4. 4. method as claimed in claim 3, it is characterised in that in the step A, the biological cell is beaten preparing the 3D Before printing bio-ink, protection processing is carried out to the biological cell：By glycerine that the biological cell and concentration are 10% with And the starch solution that concentration is 10% uniformly mixes and stands 2-3 hours.
5. 5. method as claimed in claim 4, further comprises following steps：

   Step C：The model is placed in temperature control box, the temperature in the temperature control box is slowly reduced to less than 0 degree, makes the mould Moisture in type freezes completely；

   Step D：The temperature in the temperature control box is quickly raised to 37 degrees Celsius, the hydrogel in the model is fully cured, So as to obtain the porous structural model containing biological cell.
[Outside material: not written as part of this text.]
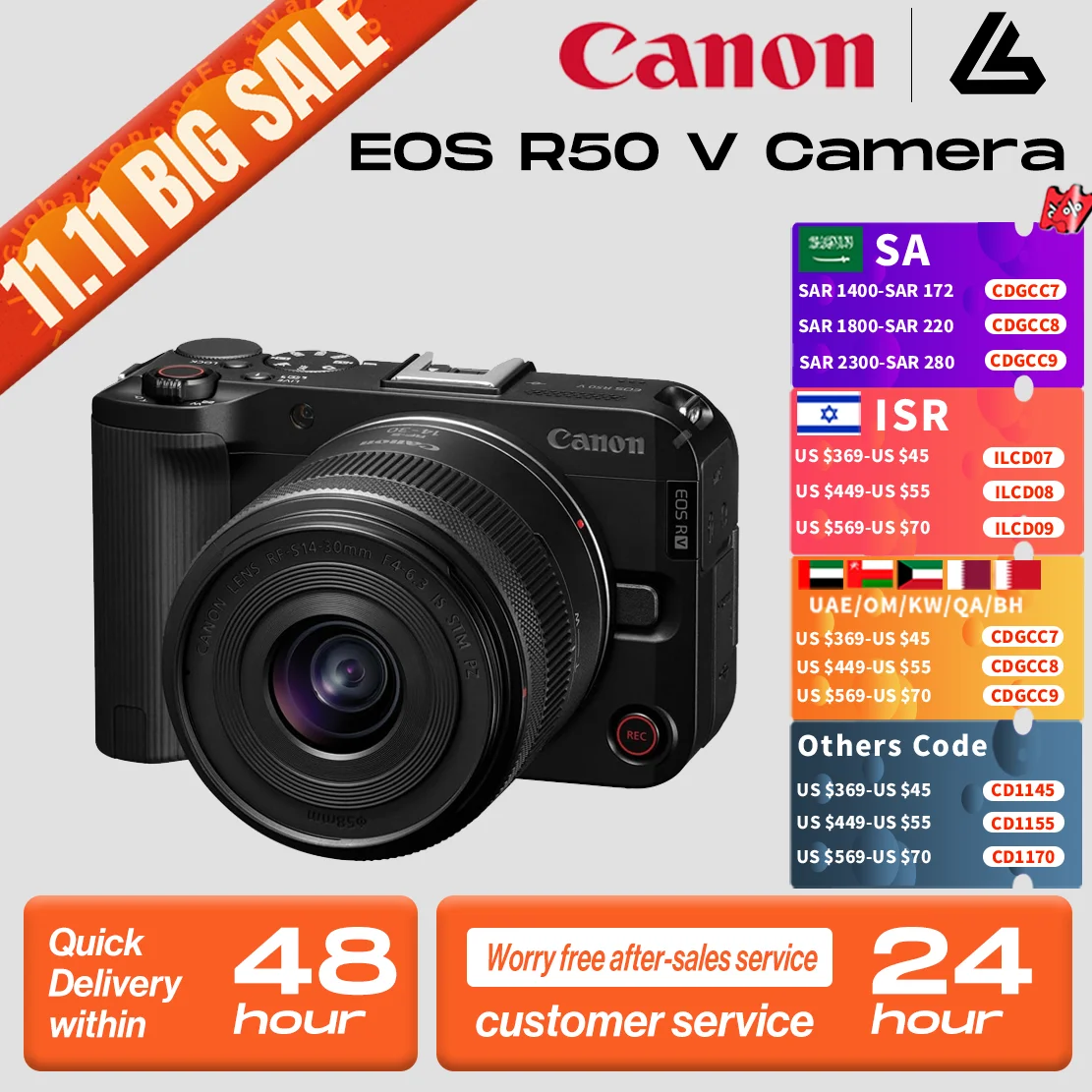 Canon EOS R50 V con RF-14-30mm F4-6.3 es lente STM PZ, cámara híbrida con lente intercambiable sin espejo APS-C, zoom gran angular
6. 6. 3D printing method as claimed in claim 5, it is characterised in that in the step C, with the speed of 4-5 degree per hour Temperature in the temperature control box is slowly reduced to subzero 15 to minus 20 degrees.
7. 7. 3D printing method as claimed in claim 5, it is characterised in that in the step D, 37 are conveyed into the temperature control box The dry-heat air of degree, the ice rapid translating in the model is set to be escaped into gas from the model, so as to the shape on the model Into loose structure.